A Reference Guide for the Antique Furniture Aficionado
Do you know what types of antique furniture you like? Can you identify the era, the age, or the history of your favorite pieces? Are you curious to know the history and origin of them? If so, this guide can help you identify what you like and give you some background information and origin of these beautiful hand-made antique heirloom pieces. Schweitzer Linen has traveled the world over and curated some truly gorgeous and unique decorative objects and furniture from various eras which are available to purchase. The following will help you learn more about them and why they are so unique.
Let’s start with THE VICTORIAN ERA.
This was an age of revivals. Victorians loved embellishment, not only on their clothing, but for all objects in their homes. The Victorian Era lasted a good long time – from 1840-1900, during which several distinct furniture styles evolved. Each were influenced by the medieval days through to the Renaissance and French 18th Century Louis XVI. Victorian design in general, and specifically furnishings, is widely viewed as having indulged in a grand use of ornament. The Victorian era is known for its interpretation and eclectic revival of historic styles mixed with the introduction of Middle East and Asian influences in furniture, fittings, interior design and décor.
This beautiful Victorian side cabinet from Schweitzer Linen features dark wood popular at the time, golden decorative applied ormulo (molded bronze shaped pieces) and similarly decorated base.
Here is another beautiful representation of Victorian furniture from Schweitzer Linen. This is a set of Victorian Tilt Top Tables, featuring the inspired gold decorative florets and scrollwork, as well as decorative edging and mother of pearl top insets. Truly beautiful artisanship highlighting the Victorian trend in the application of decor.
Schweitzer Linen’s game table and cane-seat chairs exemplify the Victorian furniture style with its dark wood, golden fine scrolling florets and swirling details.
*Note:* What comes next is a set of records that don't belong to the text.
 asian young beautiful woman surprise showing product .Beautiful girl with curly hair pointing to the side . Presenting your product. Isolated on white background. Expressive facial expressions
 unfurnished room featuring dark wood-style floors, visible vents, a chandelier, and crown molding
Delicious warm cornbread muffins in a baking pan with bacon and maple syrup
The carefully woven cane seats are a great textural and contrasting element.
Neoclassic Revival (also called Louis XVI)
This style lasted from 1750 through 1800. Travels into Greece, Italy and the Near East which produced archaeological discoveries heralded in publications which spread quickly all over Europe. Thus, classical art became the inspiration for furniture design in this era. Neoclassic Revival style was much simpler, less heavily decorated, and thus lighter in outlook. Carved lines rather than in rectilinear shapes became curved again. Scrolling nor cartouche backs were no longer as trendy as they had been in the prior 20 years. Designers began to merge elements of Neoclassic, Renaissance Revival and even Rococo Revival in one piece.
This is a beautiful piece available from Schweitzer Linen perfectly represents the Neoclassic Revival elements of the era. Note the classically inspired openwork of the under-table panels, bas relief fruit at the corners, and finely turned and carved legs and center support with its own carved decorative element.
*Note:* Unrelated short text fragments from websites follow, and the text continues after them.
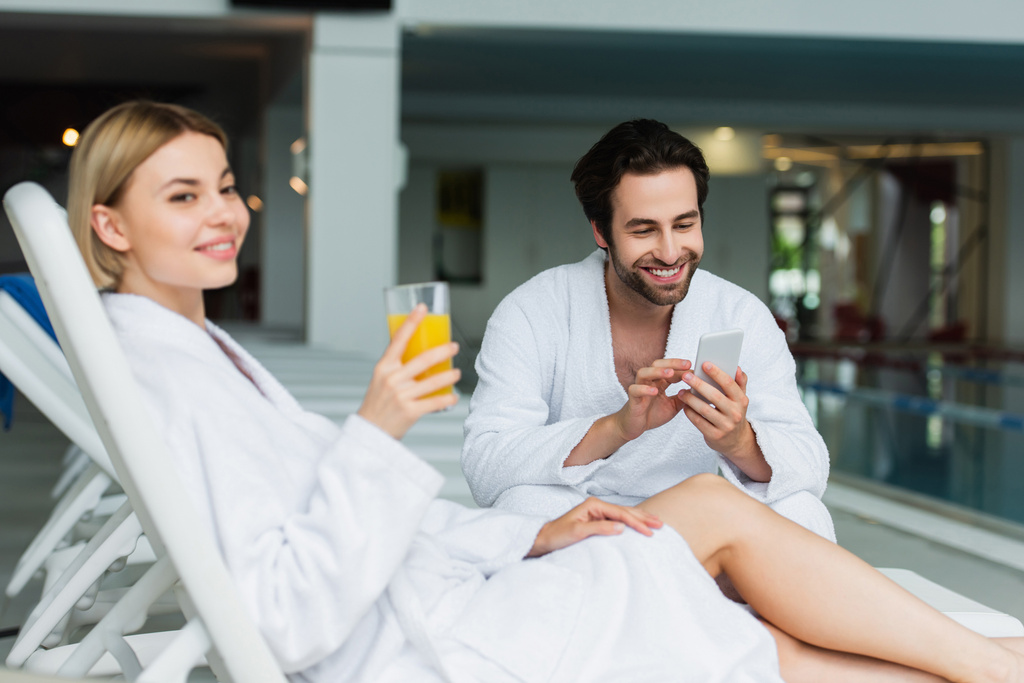 Glimlachende man in badjas met behulp van mobiele telefoon in de buurt wazig vriendin met sinaasappelsap in spa centrum  - Foto, afbeelding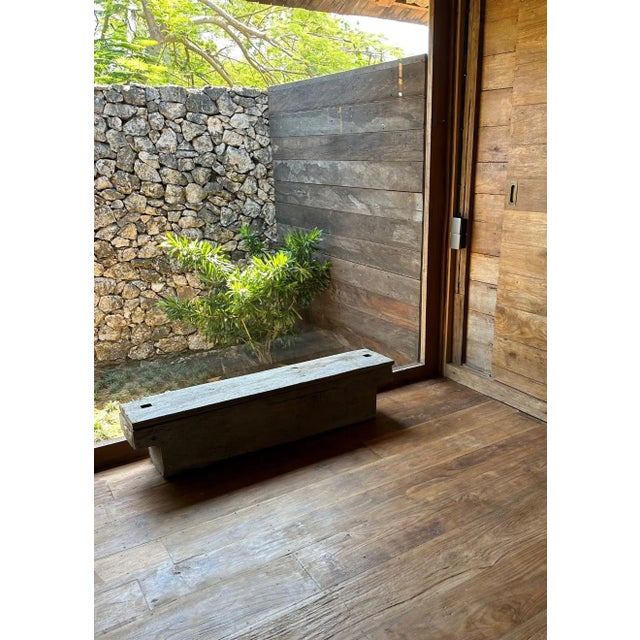 This antique Javanese rice storage chest is beautifully crafted from solid teak, showcasing the timeless skill of...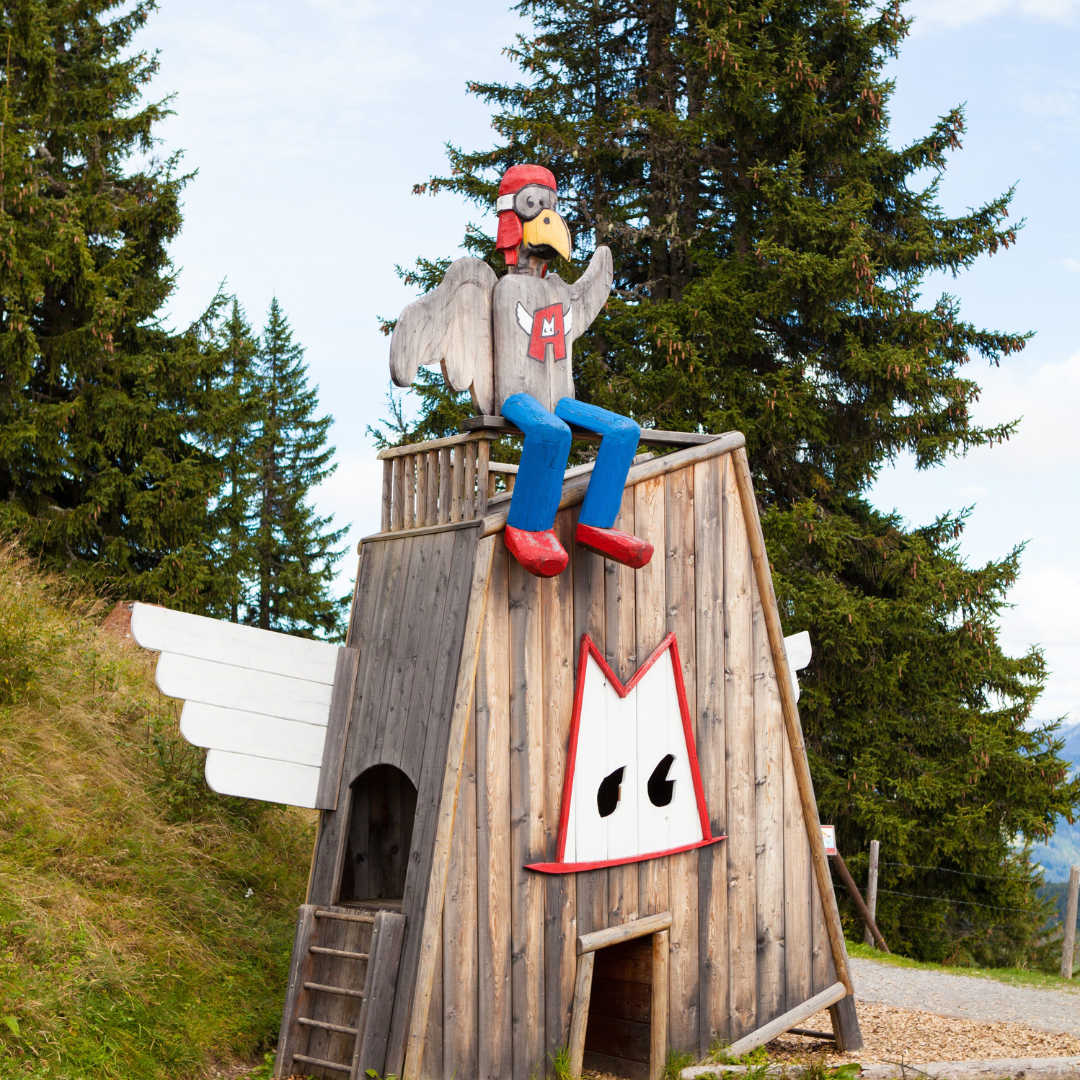En finurlig træstruktur, der ligner en kylling, med en pilotfigur på toppen, bringer et strejf af Sommerferie i Westendorf. Med hvide vinger og et tegneserielignende ansigt nær indgangen står den midt blandt grønne træer og græs, indrammet af en delvist overskyet himmel.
The Regency (also called Empire) era is basically a continuation of the neo-classical style but with a strong archaeological emphasis. The Egyptian campaign of Napoleon provided enormous inspiration for decorative ornaments. Winged lion pilasters and supports topped with palm leaves or sphinxes’ busts, carved in Mahogany furniture was enormously popular. Another classic stylistic quality is the solidity of these pieces.
Schweitzer Linen offers a beautiful example of an Empire style desk carved from beautifully grained mahogany with classically inspired side columns, a solid base and decorative brass ornamentation.
Early Flemish Baroque furniture dating from the 17th century, was an adaptation of the late Renaissance style. Oak cupboards were typical with four doors and chairs with seats and backs of velvet or leather held in place by nails. Most pieces are massive and solid pieces, of local woods with turnings. Dutch furniture of this period can be distinguished by its simpler design and a preference for molded panels over carved ornament. Later, marquetry and walnut-veneer surfaces became the most common decorative treatments.
A beautiful example of marketry on a drop leaf desk can be seen (and purchased) from Schweitzer Linen, dating from 1740. Note the detailed marquetry of musical instruments, scrolling leaves and leaf-filled chalices.
Named after the Directorate of France after the French Revolution, Directoire style trended from 1793 to 1804. It is characterized by Etruscan-appearing forms and motifs, including mythical and stylized animal forms. Most notable are mahogany dining tables of the style, which were decorative enough to be displayed without cloths.
Here is a gorgeous example of Directoire style in a set of bronze pitchers available from Schweitzer Linen. The fantastical shapes of fish, mermaids, cherubs and fluid design of the handles and marble based footings are beautifully coordinated. This is truly a masterpiece.